If you were going to write a dystopian fantasy comic, how would you create a post-apocalyptic world that’s more interesting than the next guy’s? Well, you could start with an invasion of evil orcs, throw in a mutant kraken and a few giant bats, stir in a mercenary or two, and sprinkle some magic on top. That’s the recipe for success in The Realm, Vol. 1, by Seth M. Peck and Jeremy Haun.
The Realm is set in the United States about 10 years after an orc invasion. Humans have banded together in fortress-like settlements bound by walls of stacked train cars. Travel between settlements is left mostly to fools and mercenaries. Enter Will Nolan, the main character who escorts paying customers across the dangerous wastelands. He and his helmeted partner, The Rook, take on a new job—guiding two rebel soldiers and two scientists to Kansas City.
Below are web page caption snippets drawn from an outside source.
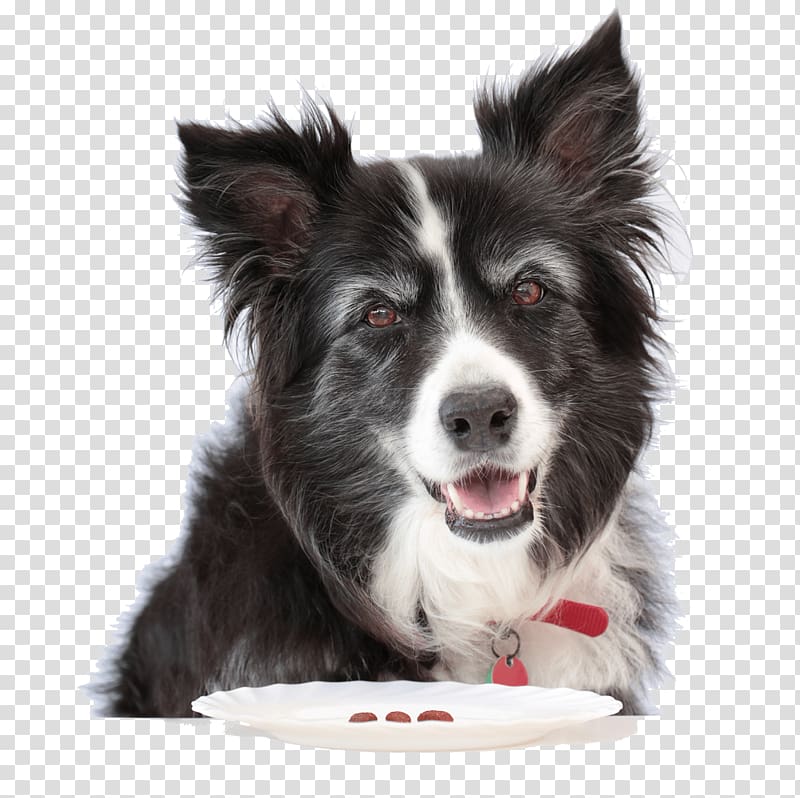 Home Cooking for Sick Dogs: Easy Cuisine for the Special Diet Canine When Your Dog Has Cancer: Making the Right Decisions for You and Your Dog Amazon.com The Best Fed Dog in America: Canine Cuisine, Dog Culture, Facts and Merriment, dog food transparent background PNG clipart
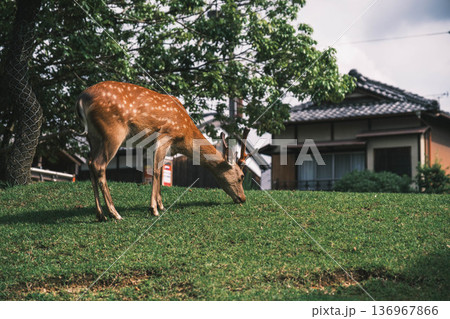 [奈良公園]可愛らしい鹿がのびのびと暮らす街 136967866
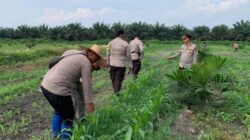 Update Swasembada Pangan Wilayah Polsek Kandis, Pembersihan Gulma, Penyemprotan dan Pemupukan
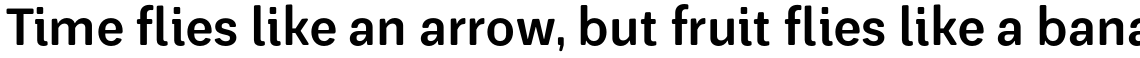 Glatt Pro ExtraBold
Meanwhile, Eldritch, a power-hungry sorcerer, offers human sacrifices to earn power from his master and a council of flayed demons. In a seemingly tenuous alliance, Eldritch and the orcs fight the humans, easily overcoming what resistance is offered. But the sides may not be as unevenly matched as they first appear—the orcs fear a man they call The Beast, a red-bearded man in an orc skull mask who fights alone. Between him, warriors like Molly, The Rook, a boy with magic, and the scientists’ secret weapon, humans might find a way to fight back.
Haun’s art meters the pace of the action with telescopic perspective. Time slows for still shots of a world in chaos and decay, with dilapidated skyscrapers and weed-cracked parking lots. Then the action comes roaring back with a pitched scene of battle, capturing goblins and humans scrabbling to survive, thrusting spears, heaving axes, and swinging swords. Every so often characters are caught in silhouette, mid-bowshot or midstride through ruins, offering a pause for breath. No detail is overlooked, down to the recognizable silhouette of Kansas City’s Bartle Hall in a flash of the future.
The comic earns its M rating through violence and gore, keeping the target audience in a teen to adult range. After all, killing orcs is never a clean job, and the best kill shot is almost always going to be through the eyeball. There is profanity, but there is no nudity or sex. Despite being led by a white male protagonist, the cast varies in age, gender, and ethnicity, with strong female characters like Molly and The Rook.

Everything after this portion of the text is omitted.